Low connection accept rate

The levers that actually move invite accepts — targeting, the note, warmup familiarity, and pacing.

Last updated 2026-07-14

If invites are going out but few people accept, work through these in order — the first one explains most cases.

1. Are these the right people?

People accept invites that make sense to them. Read the score reasoning on the leads you're inviting: if it's full of hedges ("adjacent", "uncertain"), your targeting is the problem, not the message. Sharpen your ICP, raise the quality threshold, or add "Don't target" exclusions — fewer, better invites beat volume every time.

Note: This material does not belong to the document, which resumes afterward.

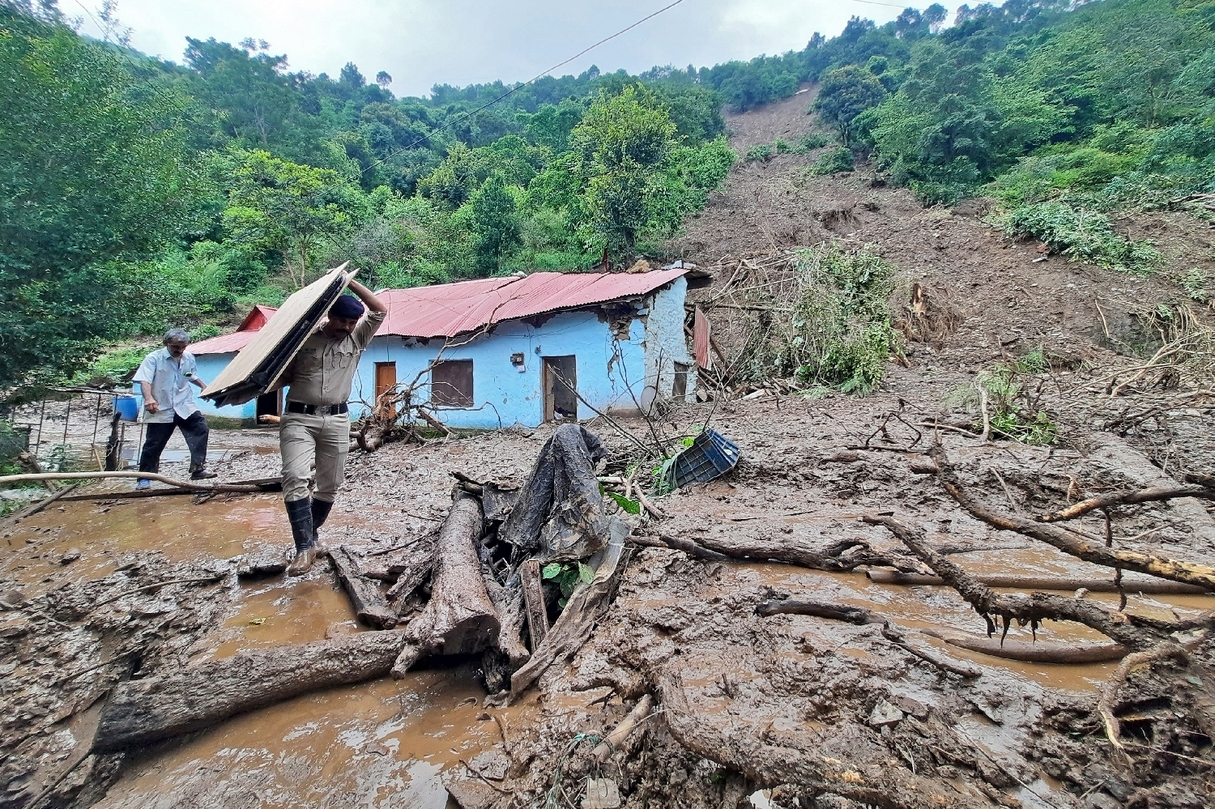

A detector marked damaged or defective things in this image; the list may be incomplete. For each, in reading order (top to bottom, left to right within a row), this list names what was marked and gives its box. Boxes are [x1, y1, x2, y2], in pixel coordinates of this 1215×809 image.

2. Read the note like a stranger

Connection notes are deliberately short — under 200 characters, one or two sentences, no ask. A note that pitches gets ignored; a note that reacts to something real on the profile gets accepted. Edit the drafts in your queue: every edit teaches the system your voice, so the tenth note needs less fixing than the first.

3. Let warmup do its job

Before the invite, the sequence views the profile, likes a recent post, and often comments — so by the time your invite arrives, your name is familiar. The comment lands in your queue for approval like any message; approving good comments is part of what makes invites land.

4. Pacing and account age

A young seat sends few invites by design, and all invites go out inside the seat's 08:00–20:00 local window at natural moments. If accepts are low and the seat is brand new, the honest answer is often: not enough data yet — judge after the warmup ramp finishes, not in week one.